Le rejet du gouvernement Habib Jemli (134 contre et 72 pour) vendredi 10 janvier constitue un tournant. Pour la première fois depuis 2011, Ennahdha subit une défaite.
Le gouvernement qu’elle a présenté a été vivement critiqué. On remit en cause son indépendance des partis, ses compétences de ses membres et son absence de programmes.
Le nombre élevé de ses membres (42 ministres et secrétaires d’Etats) contredisait la politique d’austérité, qu’il était censé engager.
Conclusion de certains observateurs : Ennahdha n’a pu lire la situation politique du pays, ni prendre compte des enjeux et défis du contexte.

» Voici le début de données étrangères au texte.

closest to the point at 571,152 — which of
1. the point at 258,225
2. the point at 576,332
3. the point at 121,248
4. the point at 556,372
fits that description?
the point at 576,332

Le rejet par le parlement, lors de la discussion du budget de la caisse de Zakkat, révélait, bel et bien, le rejet de sa politique d’établissement du chariaa, sinon du régime du califat. Et pourtant, elle « persista et signe ».
Les manœuvres de sa direction, en marge des discussions parlementaires n’ont pas abouti. Est-ce le chant du cygne du parti islamique ?
Nouveau pari
Les partis modernistes (Tayar, Chaab, Qalb Tounes et Tahya Tounes) se sont empressés d’exprimer leur joie.
La conférence de presse qu’ils ont organisée, après le vote parlementaire, traduit cette joie précipitée.
On parla de l’avénement d’un « grand jour ». L’échec d’Ennahdha risque d’être conjoncturel, vu la dispersion des partis, d’un parlement mosaïque.
Ennahdha peut revenir à la charge, lors de la formation d’un gouvernement, dont le chef serait désigné par le Président de la République, en consultation des partis. Mais ne sous-estimons guère cette prise de conscience, qui constitue la nouvelle donne.
La situation fait valoir l’alternance. Mais peut-on parler d’un éventuel programme de consensus?
Comment rassurer les citoyens, qui ont pris leurs distances, des partis du pouvoir et de l’opposition ? Ne risquerions pas de restaurer le gouvernement l’équipe gouvernementale, qui a précipité la crise économique, provoqué la chute du dinar et établi un contexte de désarroi et de désespoir ? Le rappel des attentes des populations (niveau de vie, chômage, désinterêt des jeunes) doit constituer le programme du nouveau gouvernement. Comment gagner ce pari ?
Tirons la leçon de cette épreuve et hatons-nous de former le nouveau gouvernement, vu les situations d’urgences, qu’on ne pouvait occulter.